Les nouvelles de Stella Tanagra accordent une place centrale à la sensualité, à travers une qualité littéraire. Le plaisir des corps s’accompagne du plaisir des mots. Les chutes sont particulièrement étonnantes et peuvent donner un sens étrange au récit. Stella Tanagra transgresse les normes et les conventions. Les femmes ne sont pas réduites à de simples objets sexuels, confinés dans la pureté morale et la passivité. Dans ces nouvelles, les femmes sont des sujets de désir et de fantasmes. Elles expriment leur appétit sexuel sans tenir compte de la morale bourgeoise.

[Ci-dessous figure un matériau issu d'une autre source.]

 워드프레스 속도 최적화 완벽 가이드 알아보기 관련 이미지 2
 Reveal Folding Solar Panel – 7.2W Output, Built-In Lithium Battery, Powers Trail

Stella Tanagra refuse l’opposition classique entre la tendresse et la baise. Les deux peuvent être liées. Ensuite, la sexualité peut également se dissocier des sentiments amoureux et de la tendresse, y compris chez les femmes. Malgré quelques nouvelles plus sombres, Stella Tanagra propose une sexualité gourmande et libérée. Le plaisir et le désir priment sur l’impératif de la reproduction dans le cadre du couple.
Les nouvelles de Stella Tanagra s’attaquent également à toutes les normes sociales. Le modèle du couple, institution patriarcale, vole en éclat. L’amour libre doit au contraire éviter l’appropriation, la possession et le contrôle. La sensualité et le plaisir doivent primer sur la routine du quotidien. Une nouvelle attaque également l’école, autre institution patriarcale qui recherche le contrôle des enfants et leur soumission à l’autorité.
Stella Tanagra s’attaque également aux nouvelles normes sociales. La supposée libération sexuelle et les sites de rencontres peuvent permettre d’ouvrir les possibilités. Néanmoins, la modernité marchande ne fait que renforcer la misère et sexuelle. La performance devient le seul critère de cette sexualité supposée libérée. Les sites de rencontres révèlent un amour moderne qui repose sur la soumission à des critères et à des normes. La rencontre amoureuse impose de jouer un rôle et repose sur un calcul. Cette sexualité rationnelle et mécanique éradique la spontanéité, les fantasmes et la sensualité. Au contraire, les nouvelles de Stella Tanagra contribuent à dessiner un nouvel imaginaire érotique contre toutes les normes et les conventions sociales.